The Town of Fort Frances is a rural community located in Northwestern Ontario, sharing a border with Minnesota, USA. With a declining population of under 7, 500 and aging infrastructure, the Town of Fort Frances is prioritizing asset management to make the most of limited financial and staff resources. The Town’s asset management inventory includes the following categories: road network, storm services, bridges and culverts, social housing, machinery and equipment, fleet, water services, and sanitary services.
The staff at the Town of Fort Frances support the notion that an asset management plan serves as a strategic financial document that optimizes available resources. However, their main drivers for asset management progress are commonly provincial and federal regulations and funding such as the Federal Gas Tax Fund, Public Sector Accounting Board (PSAB) requirements, O. Reg. 588/17: ASSET MANAGEMENT PLANNING FOR MUNICIPAL INFRASTRUCTURE, and the Ontario Community Infrastructure Fund (OCIF) grant requirements. However, by working with PSD’s asset management consultants, municipal staff have been able to gain a better understanding of the crucial benefits that a comprehensive asset management program and better data can bring to the community. The Town is working towards developing their asset management program, creating a five-year capital plan and making significant strides towards merging their financial and asset management data as well as software systems. Better data and a cohesive software system can lead to more meaningful physical and financial asset analysis, significantly advancing the Town’s capital planning.
The Town of Fort Frances is a remote community located in Northwestern Ontario. They are facing a declining population, aging infrastructure, and limited financial resources. Nonetheless, their case is not unique for northern Ontario communities. Many municipalities in northern Ontario are struggling with a declining population, deteriorating infrastructure, and an economy that is dependent on one or two major industries. In these cases, better management of physical and financial assets must be prioritized. The Town of Fort Frances is actively working towards advancing its asset management program and has been since 2013.
The Building Together Guide, Ontario’s guide for municipal asset management plans (AMP), initiated the development of Fort Frances’ first AMP in 2013. The Building Together Guide, accompanied by infrastructure funding requirements, pushed the municipality to launch their initial asset management practices. For example, the Federal Gas Tax Fund agreement introduced a new requirement for all Ontario municipalities to develop an asset management plan – at first for just core infrastructure categories, and then for all asset categories. A more robust regulation was later introduced by the Ontario Government in 2017, providing further incentive for asset management program development. Under the Infrastructure for Jobs and Prosperity Act, the regulation was entitled Asset Management Planning for Municipal Infrastructure (O. Reg. 588/17) and includes a list of deadlines that all Ontario municipalities must meet between the years 2019 and 2024.

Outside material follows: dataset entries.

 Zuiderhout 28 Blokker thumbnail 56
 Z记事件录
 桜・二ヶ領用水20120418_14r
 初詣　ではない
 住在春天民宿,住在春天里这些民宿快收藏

The Town’s asset management program was launched in response to the new provincial regulation, as well as the need to optimize its approach to capital planning. During the development of the Town’s 2013 AMP, the Town acquired a suite of asset management software to accelerate the development of its asset management program. These integrated tools include PSD Citywide Asset Manager, GIS, Capital Planning and Analysis, and Maintenance Manager.
An Asset Management Policy was adopted by the Town in 2017 to ensure O. Reg. 588/17 compliance and to start the municipality’s journey to a more robust AM program. The policy includes a framework on the roles and responsibilities of different municipal departments and particular staff members. The purpose of the policy is to ensure that the asset management program is efficiently formulated to align with the organization’s structure and overarching objectives. For Fort Frances, this policy is a key component in securing the implementation and progress of the asset management plan. Once formalized, it is also a powerful tool for municipal staff to gain buy-in from council to invest funds into asset management practices or particular projects that are identified through those practices.

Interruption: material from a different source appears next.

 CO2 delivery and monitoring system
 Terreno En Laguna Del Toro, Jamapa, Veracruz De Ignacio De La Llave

Following the completion of its policy, the Town worked with PSD’s asset management consultants to update its AMP. The team at PSD Citywide led the Town’s staff through several stages of the asset management roadmap in order to help the organization arrive at its ultimate goal: merging its financial information and asset management database and doing away with separate software systems. Merging municipal data and tools is not easily achieved. Travis Rob, the Manager of Operations & Facilities, and Dawn Galusha, the Treasurer, intend on working towards merging their complete asset management database and system within five years. Chris Vanderheyden, a Senior Asset Management Consultant at PSD Citywide, advised that this goal is achievable for a municipality of Fort Frances’ size and capacity.
The asset management roadmap is a holistic approach to corporate asset management. This approach begins by ensuring that all municipal decision-makers are knowledgeable about the benefits of asset management and its best practices.

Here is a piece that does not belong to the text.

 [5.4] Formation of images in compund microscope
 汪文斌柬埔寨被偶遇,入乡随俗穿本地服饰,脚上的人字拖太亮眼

Working through each stage of the roadmap (see Figure 1), municipal staff ensured that they had the right information, data, frameworks, and processes in place to maintain an effective and sustainable asset management program. Key components of the asset management roadmap process are the asset management state of maturity report, asset management policy, condition and data structure workshop, risk and criticality models, lifecycle activity framework, level of service framework, and financial strategies. These components of the roadmap culminate in an updated AMP supported by accurate and comprehensive data, as delivered for the Town of Fort Frances in 2019.
As the Town is slowly working towards advancing its asset management program, it must update its asset database. According to Travis Rob, Fort Frances’ asset management software has not been populated with data since its installment in 2013. The initial driver to gather data was the 2009 Public Sector Accounting Board (PSAB) 3150 requirements. Municipalities were required to include capital assets in their financial reporting, consequently requiring many smaller municipalities to gather certain capital asset data for the first time.
The data gathering process for the Town of Fort Frances is a crucial priority for the community. Through a database gap analysis, PSD’s Infrastructure Data Analysts and Senior Asset Management Consultant have identified the areas in which the database needs to be updated, providing recommendations on how Fort Frances can proceed. The types of asset data analyzed include: an asset inventory that is comprised of all core and non-core asset groups; asset attributes such as measurements, materials, and other details specific to the asset type; location; historical costs; in-service years; estimated useful life; replacement cost; and assessed condition.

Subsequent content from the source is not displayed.